If it goes nowhere, all you’ve lost is a little time. But more often than you might think, you’ll find yourself telling a story. It may need editing (afterward!). You might even throw away the first few pages. But you’ll have shouldered your internal editor out of the way long enough for your creative side to seize the wheel.
Hmm, I can see why eating bags of jelly beans wouldn’t spark an idea. But I’m pretty positive eating bags of chocolate practically writes the book for you!
Heehee, I wish! If that were true I’d have hundreds of novels written by now, LOL!
I’m sorry you haven’t found any contemporary middle-grade books you love. 🙁 I have dozens I love! I’m always reading something amazing. Have you ever read anything by Sharon Creech? Walk Two Moons and Chasing Redbird are two of my favorites, but I really love all of her books. Louis Sachar, Jerry Spinelli, and Katherine Paterson are other authors whose books I love. I just read several of Kate DiCamillo’s novels, and I liked them a lot, too.
Laura – I have ones I love. I love Holes and Katherine Patterson and Because of Winn Dixie… But they are to find out of all the ones that I read. 🙂
All great ways of coming up with ideas. I often find myself thinking: “Wouldn’t it be interesting if…” So I guess that constant “what if” is what helps spark my ideas.

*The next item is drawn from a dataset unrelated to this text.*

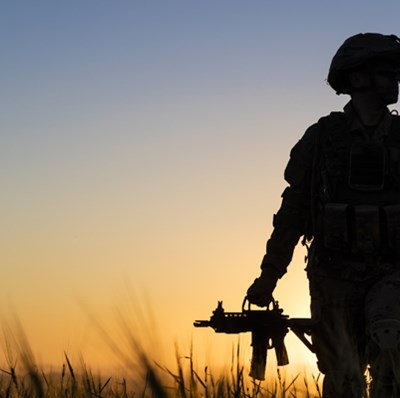 Silhouette of a soldier standing in grass holding a machine gun at his thigh with a sunset Silhouette of a soldier standing in grass holding a machine gun at his thigh with a sunset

I’m not sure how I get my ideas. They really just come to me and I have to make sure I write them down, because if I don’t I forget them! I have a bunch of ideas for future books in my notebooks!
OMG, the research thing always helps me. it’s kind of like magic that way. New plot twists and characters appear out of nowhere.
I like #5 on your list. I do that too. I also do it when I write activities and games for student lessons. I like to think fun and excitement and see where things go. 🙂
Heh heh, are you sure staring at a blank screen and pressuring the brain to come up with words doesn’t work? Really? Rats. ;D
But seriously, #1, #2 on your good list I’ve done, #4 and #7 sound good also. For some reason, I don’t try to turn my dreams into stories – I don’t know why, I have very vivid, interesting dreams.